In 1902, Tuttle returned to New York City and began working for Board of Estimate, becoming the agency's chief engineer in 1921. He resigned from his position in 1928, but was retained by the Board of Estimate as a consulting engineer until 1933. During his association with the agency, Tuttle was involved with projects including Cross Bay Boulevard across Jamaica Bay, grade crossing eliminations along the Long Island Rail Road's Atlantic Branch in Brooklyn and New York Central's West Side Line in Manhattan, the Manhattan approach to the George Washington Bridge, the Wards Island Water Pollution Control Plant, and the West Side Highway. He was credited as the inventor of an improvement to a valve to remove air from water mains and an improvement to a Venturi tube in 1903 and 1906, respectively. In 1926, when New Jersey claimed that garbage being dumped offshore by New York City was polluting its beaches, Tuttle dropped 7,443 bottles with return post cards at the same ocean dumping grounds (located about 20 mi southeast of Scotland Lightship)—and only 491 of them washed up on the Jersey Shore.
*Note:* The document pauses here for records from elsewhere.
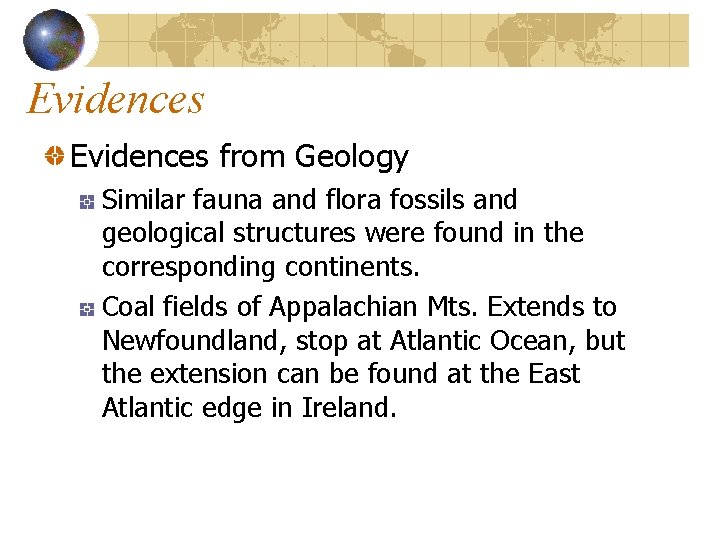 Evidences from Geology Similar fauna and flora fossils and geological structures were found in
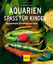 Ingo Koslowski: Aquarien - Spaß für Kind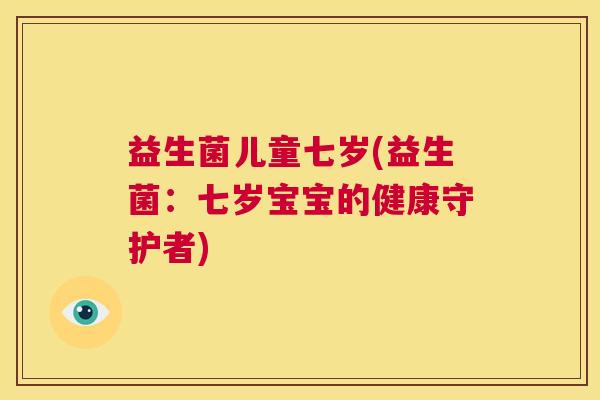 益生菌儿童七岁(益生菌：七岁宝宝的健康守护者)
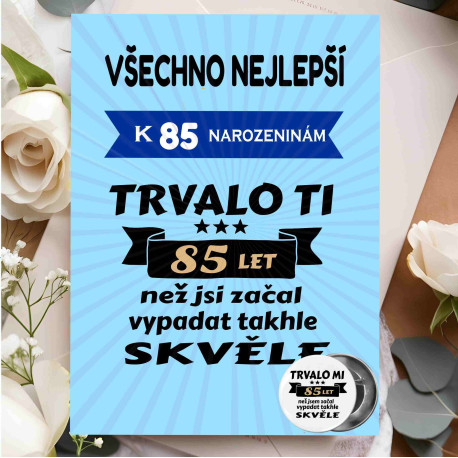Vtipné přání k 85 narozeninám s plackou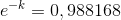 e^{-k}=0,988168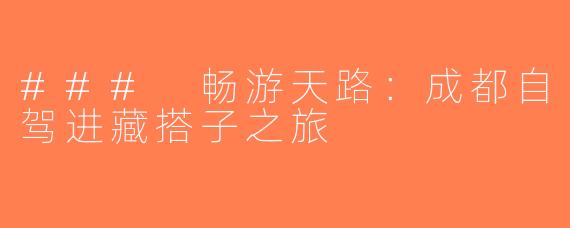 ### 畅游天路：成都自驾进藏搭子之旅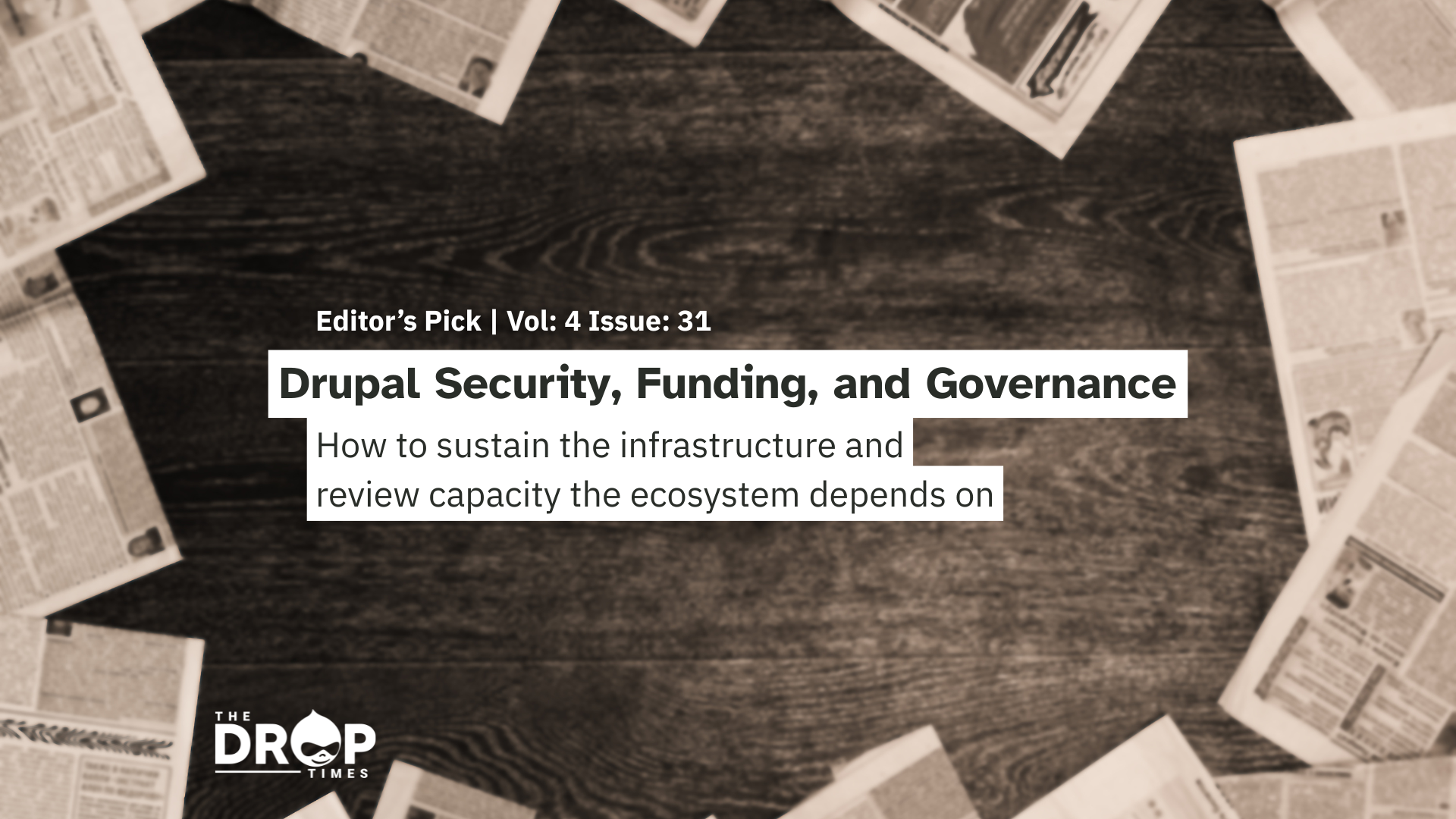Sepia toned editorial graphic with newspapers arranged around a dark wooden table. Text reads "Editor’s Pick. Vol. 4 Issue. 31". "Drupal Security. Funding. and Governance". "How to sustain the infrastructure and review capacity the ecosystem depends on". and "The DropTimes".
In 1933, Tuttle became the New York state engineer of the Federal Emergency Administration of Public Works (PWA), and from 1936 to 1937, he served as the New York State director of the PWA. Major projects launched during this period where Tuttle served as a project engineer included the Lincoln Tunnel, Queens–Midtown Tunnel, and Triborough Bridge. From 1937 to 1941, he served as a consulting engineer to the Works Progress Administration (WPA), after which he served as the director of the New York City Federal Public Works Reserve from 1941 to 1942.

In 1942, Tuttle was awarded with an honorary Doctor of Engineering degree from Rensselaer Polytechnic Institute. That same year, he entered into a partnership with structural engineer Elwyn Seelye, mechanical engineer Clyde R. Place and architect Antonin Raymond. The firm of Tuttle, Seelye, Place & Raymond had a staff of 80 employees and prepared construction plans for military and naval installations during World War II, including barracks and staging facilities at Camp Kilmer in New Jersey and Camp Shanks in New York and an airport and housing at Fort Dix in New Jersey. The partnership was dissolved in 1945 after the end of the war. Tuttle then became chairman of the board of the Haller Testing Laboratories, remaining in the role until his death; the firm was involved with testing of materials for the construction of the headquarters of the United Nations.

==Professional societies==
Tuttle served as president of the American Society of Civil Engineers, Municipal Club of Brooklyn, and Municipal Engineers of the City of New York. He was also a member of the American Institute of Consulting Engineers, American Water Works Association, Regional Plan Association, and the United Engineering Trustees.

==Personal life and death==
Smith married Helen Aldridge Smith on June 1, 1892 in Brooklyn. The couple had three children—one daughter and two sons. His family resided in Brooklyn also had a home in Stony Brook on Long Island, where Tuttle was a member of the nearby St. George's Golf and Country Club in East Setauket. He served as president of the Pleiades Club and was a member of the Cosmos Club.

Tuttle died on May 19, 1949 at Brooklyn Hospital. His funeral was held at the St. Ann's Protestant Episcopal Church in Brooklyn. Tuttle was buried in the churchyard of the Caroline Protestant Episcopal Church in Setauket, near his other home in Stony Brook.